> _Exercise_:
Only the lines below starting at the one containing "Blue Crew Long" and ending at the one containing "Bedside Support Rail" belong in the answer, each copied exactly.

> _Records for processing_:
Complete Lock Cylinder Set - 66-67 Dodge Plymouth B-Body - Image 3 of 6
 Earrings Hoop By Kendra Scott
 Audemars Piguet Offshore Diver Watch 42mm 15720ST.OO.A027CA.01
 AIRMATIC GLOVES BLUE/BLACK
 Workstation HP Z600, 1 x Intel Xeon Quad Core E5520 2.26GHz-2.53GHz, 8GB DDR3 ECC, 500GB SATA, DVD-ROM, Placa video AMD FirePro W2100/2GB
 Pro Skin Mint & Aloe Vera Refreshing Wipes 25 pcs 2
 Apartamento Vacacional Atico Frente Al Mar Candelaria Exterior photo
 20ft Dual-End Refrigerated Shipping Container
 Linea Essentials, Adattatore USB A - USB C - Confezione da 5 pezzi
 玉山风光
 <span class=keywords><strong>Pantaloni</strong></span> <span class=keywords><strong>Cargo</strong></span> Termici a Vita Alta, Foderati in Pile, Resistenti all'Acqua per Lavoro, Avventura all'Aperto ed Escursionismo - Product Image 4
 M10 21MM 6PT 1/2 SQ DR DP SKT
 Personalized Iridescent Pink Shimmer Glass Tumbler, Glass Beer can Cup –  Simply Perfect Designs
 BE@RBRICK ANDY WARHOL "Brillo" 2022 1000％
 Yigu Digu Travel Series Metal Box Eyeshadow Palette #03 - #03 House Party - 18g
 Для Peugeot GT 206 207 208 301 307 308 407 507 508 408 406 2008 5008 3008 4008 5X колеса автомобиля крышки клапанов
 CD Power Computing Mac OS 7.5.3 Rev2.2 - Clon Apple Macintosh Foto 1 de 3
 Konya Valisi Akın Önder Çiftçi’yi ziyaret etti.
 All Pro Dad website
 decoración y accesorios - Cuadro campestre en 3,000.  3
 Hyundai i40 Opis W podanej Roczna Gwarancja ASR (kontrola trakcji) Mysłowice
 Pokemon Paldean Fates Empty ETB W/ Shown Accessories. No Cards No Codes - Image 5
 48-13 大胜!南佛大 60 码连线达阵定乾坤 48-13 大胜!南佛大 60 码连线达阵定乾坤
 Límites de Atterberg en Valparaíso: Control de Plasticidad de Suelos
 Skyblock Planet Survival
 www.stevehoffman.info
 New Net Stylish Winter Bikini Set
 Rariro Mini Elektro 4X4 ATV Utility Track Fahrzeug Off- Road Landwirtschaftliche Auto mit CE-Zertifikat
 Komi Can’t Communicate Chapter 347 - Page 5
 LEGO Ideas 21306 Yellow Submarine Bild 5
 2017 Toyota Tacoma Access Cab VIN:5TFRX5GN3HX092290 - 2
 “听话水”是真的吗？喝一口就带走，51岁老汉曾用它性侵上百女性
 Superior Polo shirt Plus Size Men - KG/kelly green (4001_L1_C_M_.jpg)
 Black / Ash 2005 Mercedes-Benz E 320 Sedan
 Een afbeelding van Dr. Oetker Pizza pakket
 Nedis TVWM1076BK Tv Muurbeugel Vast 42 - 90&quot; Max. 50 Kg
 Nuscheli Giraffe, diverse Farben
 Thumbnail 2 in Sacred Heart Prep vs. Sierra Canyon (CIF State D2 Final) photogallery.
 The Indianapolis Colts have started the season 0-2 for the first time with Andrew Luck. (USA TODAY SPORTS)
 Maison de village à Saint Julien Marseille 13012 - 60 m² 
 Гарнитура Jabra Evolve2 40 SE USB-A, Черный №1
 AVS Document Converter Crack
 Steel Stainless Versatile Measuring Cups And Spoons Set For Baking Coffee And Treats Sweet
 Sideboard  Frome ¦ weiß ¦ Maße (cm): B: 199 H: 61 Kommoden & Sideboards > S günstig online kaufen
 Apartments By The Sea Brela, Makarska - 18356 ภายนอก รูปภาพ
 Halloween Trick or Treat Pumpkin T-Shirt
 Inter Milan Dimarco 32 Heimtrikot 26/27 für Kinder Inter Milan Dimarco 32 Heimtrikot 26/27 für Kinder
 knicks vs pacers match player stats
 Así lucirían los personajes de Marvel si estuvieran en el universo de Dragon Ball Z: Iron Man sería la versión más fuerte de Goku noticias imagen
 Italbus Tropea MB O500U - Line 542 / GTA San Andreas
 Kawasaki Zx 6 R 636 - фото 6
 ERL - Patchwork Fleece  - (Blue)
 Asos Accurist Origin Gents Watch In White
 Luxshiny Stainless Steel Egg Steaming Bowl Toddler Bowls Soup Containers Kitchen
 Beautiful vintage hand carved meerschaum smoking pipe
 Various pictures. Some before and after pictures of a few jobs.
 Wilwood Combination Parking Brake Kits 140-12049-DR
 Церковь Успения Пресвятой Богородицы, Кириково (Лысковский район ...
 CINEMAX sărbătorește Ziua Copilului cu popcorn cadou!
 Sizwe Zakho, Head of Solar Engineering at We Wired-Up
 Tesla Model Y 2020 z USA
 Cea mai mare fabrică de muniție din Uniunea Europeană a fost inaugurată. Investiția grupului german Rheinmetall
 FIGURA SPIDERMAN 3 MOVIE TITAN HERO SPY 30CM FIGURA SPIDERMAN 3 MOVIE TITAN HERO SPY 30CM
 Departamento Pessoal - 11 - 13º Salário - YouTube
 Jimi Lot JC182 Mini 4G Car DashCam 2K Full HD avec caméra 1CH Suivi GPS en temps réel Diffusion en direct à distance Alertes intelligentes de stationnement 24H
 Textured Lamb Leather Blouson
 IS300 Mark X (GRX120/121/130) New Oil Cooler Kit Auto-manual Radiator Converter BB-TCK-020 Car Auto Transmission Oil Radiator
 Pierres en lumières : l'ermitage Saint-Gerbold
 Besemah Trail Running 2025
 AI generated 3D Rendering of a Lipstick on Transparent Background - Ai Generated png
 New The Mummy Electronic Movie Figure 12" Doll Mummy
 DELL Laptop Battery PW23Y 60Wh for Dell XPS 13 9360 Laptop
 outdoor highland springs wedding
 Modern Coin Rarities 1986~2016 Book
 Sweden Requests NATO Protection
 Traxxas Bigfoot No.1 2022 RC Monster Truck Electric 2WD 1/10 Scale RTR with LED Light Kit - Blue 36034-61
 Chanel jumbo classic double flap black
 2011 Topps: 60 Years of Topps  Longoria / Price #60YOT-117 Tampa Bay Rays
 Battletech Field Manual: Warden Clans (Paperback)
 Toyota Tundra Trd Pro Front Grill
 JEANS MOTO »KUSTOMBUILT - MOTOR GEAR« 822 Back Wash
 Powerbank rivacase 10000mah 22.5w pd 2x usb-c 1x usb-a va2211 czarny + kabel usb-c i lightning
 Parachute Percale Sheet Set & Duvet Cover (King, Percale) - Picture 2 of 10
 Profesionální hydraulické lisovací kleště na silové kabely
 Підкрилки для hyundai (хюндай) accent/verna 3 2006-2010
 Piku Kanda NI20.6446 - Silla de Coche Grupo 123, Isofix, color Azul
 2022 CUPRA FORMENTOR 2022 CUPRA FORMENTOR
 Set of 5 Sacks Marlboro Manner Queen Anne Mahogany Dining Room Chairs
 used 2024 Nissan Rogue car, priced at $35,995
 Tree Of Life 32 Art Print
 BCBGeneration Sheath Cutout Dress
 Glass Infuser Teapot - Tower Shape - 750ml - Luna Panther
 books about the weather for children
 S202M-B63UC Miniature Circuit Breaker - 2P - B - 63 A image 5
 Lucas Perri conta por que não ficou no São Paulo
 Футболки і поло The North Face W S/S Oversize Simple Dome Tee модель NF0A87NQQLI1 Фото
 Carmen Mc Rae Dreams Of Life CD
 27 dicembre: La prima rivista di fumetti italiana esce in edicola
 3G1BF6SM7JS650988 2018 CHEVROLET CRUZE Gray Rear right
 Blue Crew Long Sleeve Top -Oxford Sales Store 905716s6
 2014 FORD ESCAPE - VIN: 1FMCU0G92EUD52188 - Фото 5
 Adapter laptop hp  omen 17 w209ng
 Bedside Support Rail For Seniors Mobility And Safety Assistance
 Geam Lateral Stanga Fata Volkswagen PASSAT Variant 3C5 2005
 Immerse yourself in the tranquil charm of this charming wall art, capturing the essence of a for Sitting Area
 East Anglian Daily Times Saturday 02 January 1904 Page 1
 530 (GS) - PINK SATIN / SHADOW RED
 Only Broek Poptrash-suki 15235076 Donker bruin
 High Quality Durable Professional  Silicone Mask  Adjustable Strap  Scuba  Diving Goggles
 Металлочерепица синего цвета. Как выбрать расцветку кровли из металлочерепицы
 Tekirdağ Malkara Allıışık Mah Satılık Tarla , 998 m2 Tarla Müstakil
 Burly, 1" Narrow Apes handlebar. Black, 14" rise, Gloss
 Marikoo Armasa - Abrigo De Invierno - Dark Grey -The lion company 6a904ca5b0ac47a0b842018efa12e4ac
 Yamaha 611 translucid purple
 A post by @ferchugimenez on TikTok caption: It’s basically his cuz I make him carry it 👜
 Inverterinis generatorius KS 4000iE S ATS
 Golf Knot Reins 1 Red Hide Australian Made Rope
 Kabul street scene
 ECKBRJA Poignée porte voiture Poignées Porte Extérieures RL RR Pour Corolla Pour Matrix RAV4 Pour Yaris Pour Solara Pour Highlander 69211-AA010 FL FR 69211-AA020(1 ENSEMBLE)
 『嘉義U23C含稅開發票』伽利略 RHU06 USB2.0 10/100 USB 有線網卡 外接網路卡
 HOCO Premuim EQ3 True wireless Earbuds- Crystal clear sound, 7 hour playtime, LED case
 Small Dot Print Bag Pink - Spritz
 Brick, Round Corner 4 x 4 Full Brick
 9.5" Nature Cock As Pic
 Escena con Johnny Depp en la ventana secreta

> _Solution_:
 Blue Crew Long Sleeve Top -Oxford Sales Store 905716s6
 2014 FORD ESCAPE - VIN: 1FMCU0G92EUD52188 - Фото 5
 Adapter laptop hp  omen 17 w209ng
 Bedside Support Rail For Seniors Mobility And Safety Assistance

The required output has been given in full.